While that is true, we need all 3 trunks (common, hdfs, and mapreduce) to depend on the current SNAPSHOT of each other. Otherwise, a change a common will break all of them. Using a fixed version of mapreduce for HDFS testing wouldn't work because that fixed version would become broken. In short, we would need to depend on a specific SNAPSHOT version of mapreduce. When would that be updated? Who would update it?
Ah.. I didn't realize that. That definitely is a problem with letting HDFS using a particular version of mapred. Thanks, owen, for making this clear!
The majority of the move is about the tools and benchmarks using HDFS and MapReduce that are better served being in MapReduce. Some of the the tests should be recoded without MapReduce and pushed back into HDFS.
I welcome this.
In general, I can share your concerns w.r.t cyclic dependencies.
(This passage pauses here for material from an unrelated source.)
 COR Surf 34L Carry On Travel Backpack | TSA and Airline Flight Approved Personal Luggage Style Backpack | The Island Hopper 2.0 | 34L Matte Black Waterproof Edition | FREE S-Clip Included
Just that I felt this might not be the right fix. Even that, I myself don't pretend to have any idea of the right solution for this.
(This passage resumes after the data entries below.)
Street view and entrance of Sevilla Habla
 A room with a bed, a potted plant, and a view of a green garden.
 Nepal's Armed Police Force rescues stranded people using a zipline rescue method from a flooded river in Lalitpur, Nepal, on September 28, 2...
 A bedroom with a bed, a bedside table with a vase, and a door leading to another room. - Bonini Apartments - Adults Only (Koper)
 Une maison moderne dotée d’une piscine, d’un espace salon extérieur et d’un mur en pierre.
One idea I can get from looking at the cyclic dependencies is that the sore points are the MiniMR and MiniDFS clusters. Leaving these behind, I guess mapred and hdfs are more or less completely independent. So one solution could be to create MR and DFS cluster interfaces and let mapred/hdfs code to these interfaces? Thoughts?
By the way, I am OK for not reverting this patch for now as it atleast addresses the cyclic dependency problem in one particular way. But we should definitely pursue other solutions, if any, perhaps on a different JIRA issue.